Years later, like 40 years later, I had moved back to my hometown and wished for a cat again. My husband didn't want to be bothered, and Mama sided with him for some reason. She told me over and over I shouldn't want a cat, and one day she gave me a stuffed animal and said, "Here's your cat." I was nearly 50 years old. I really don't know why she was so opposed to my having a pet. But clearly she was.
Now here was a cat being dropped on my doorstep. She had literally been left on my friend's doorstep and he said he thought I needed her. She was very beautiful--and the first night she walked through my house, every corner, and nodded her approval. That night she settled on the lower right corner of my bed, near my feet. She slept there every night that we lived in that house. I named her Snow. I loved her immediately.
She was a delicate creature, but I built a cat door so she could go outside at night if she wanted, and she learned how to use it. She came back with fleas, of course, and I was bothered by them all the time. She was young, probably about six months. I loved seeing her romp and chase her tail. At last I understood the joy cat owners felt.

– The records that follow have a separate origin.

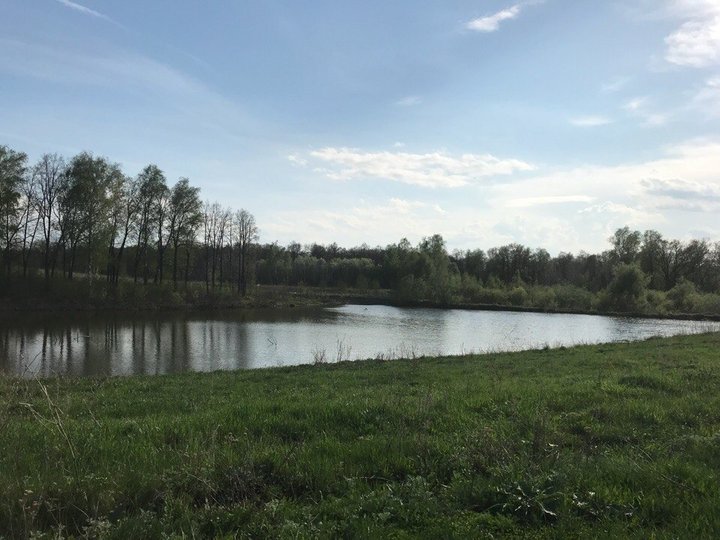 Водоемы в Толбазах.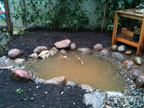 Permaculture Neighborhood Center
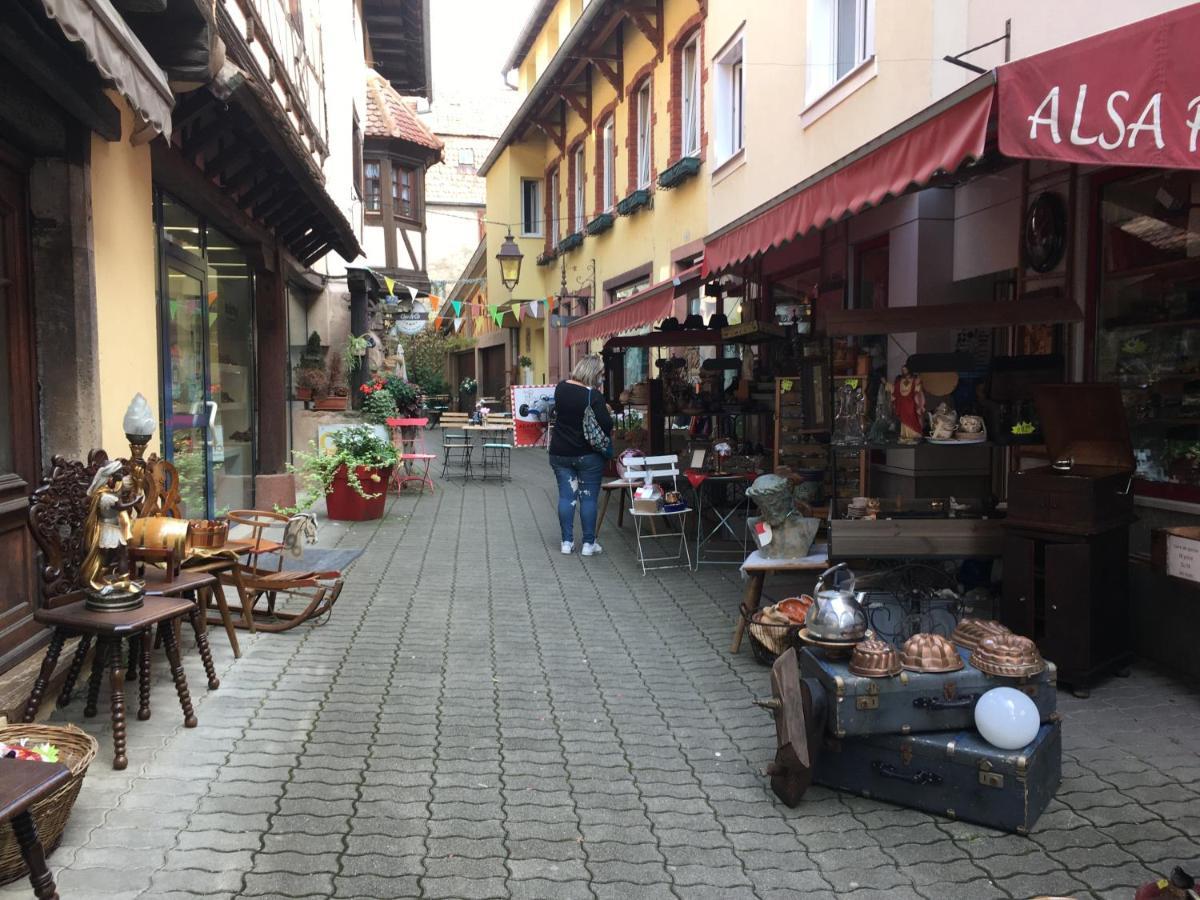 Maison Independante De Montagne En Alsace ベルフォス エクステリア 写真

I loved coming home to her, and got used to the early-morning wakeups and nighttime prowls. At one point a feral cat found her in the night and bit her pretty badly. I took her to the vet for her regular innoculations and flea treatments, and found a kennel to keep her when I had to travel. It was a wrench to leave her in one of those cages for a week, but I was always glad to see her when I returned.
She was a troublesome cat, really. Being deaf she didn't respond to my voice, and she seemed to live in a world of her own. I moved from the house where she had fit so well, and my new house was infested with rats. That was most disturbing. I put out glue traps but was much more afraid that Snow would get caught in one than I was reassured that the rats would. She couldn't hear them scratching so she didn't chase them, which might have scared them out of the house. That certainly would have been preferable to glue traps.

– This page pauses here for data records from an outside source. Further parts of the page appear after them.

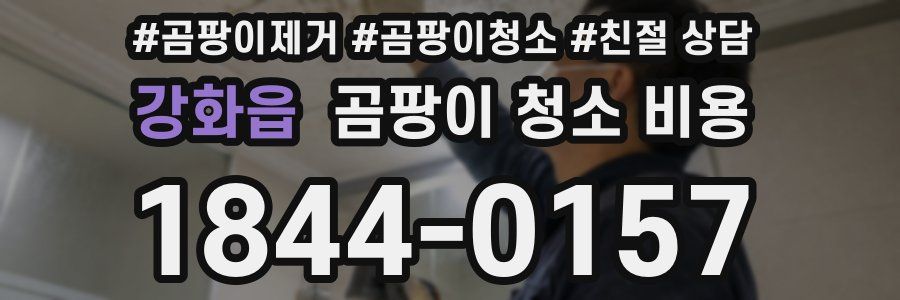 강화읍 곰팡이 청소 비용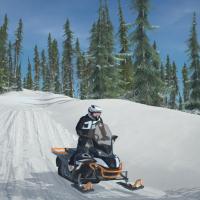 Sledders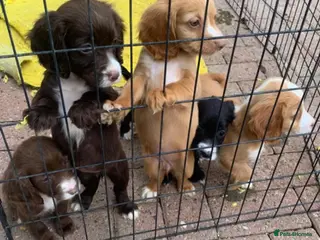 Cocker Spaniel dogs Adorable cocker spaniel puppies for sale - Advert 7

She didn't seem to have the usual stomach meter that I thought cats had; she overate and in time got very heavy and logy looking. Everything about her made me feel guilty.

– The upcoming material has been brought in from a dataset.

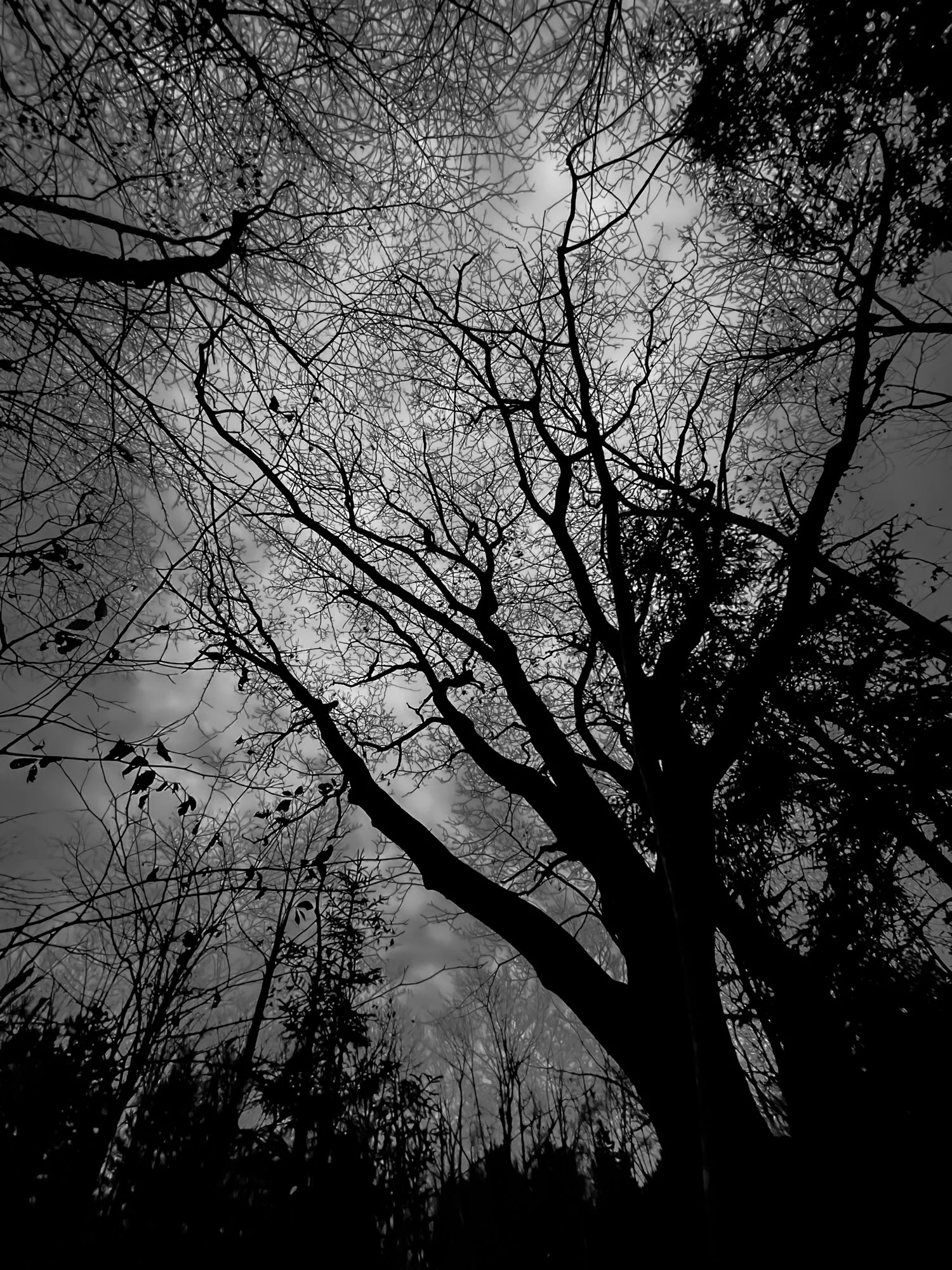 Dusky woods sky.jpg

I knew when I decided to move to a different part of the country that I couldn't take her. I'd be in a city; I'd be in small quarters; and I was likely to move again several times. (It turned out that I moved three times in five years.) I found a family who wanted her, but I felt very insecure about how they'd take to her. They were a single mom and two little girls. When I left her with them she was very agitated and scared, and, never having had a cat before, the children closed in on her and made matters worse. The hope I clung to was that the mother told me they had a close friend who was a cat lover; I could only pray that he would help them all with the transition.
I missed her enormously but dared not call them about her. I didn't want to hear. I had to let her go. I did notice that the itchy eyes and runny nose I'd been thinking was a pollen allergy disappeared shortly after I gave her away. I had been allergic to cats all along and never knew it.
There is something unearthly about a cat. The ancient Egyptians knew this, and every cat owner knows it too. Cats are self-contained, elegant, mystical even. Snow was all these things, more unreachable because of the deafness, and more magical because of the two-colored eyes. She was quirky, temperamental, challenging. There is still a nagging doubt that creeps in my mind in the night, when I think of that cat. She had my number, and still does; when I remember her, I can't help wondering if I was worthy. She still has a piece of my heart.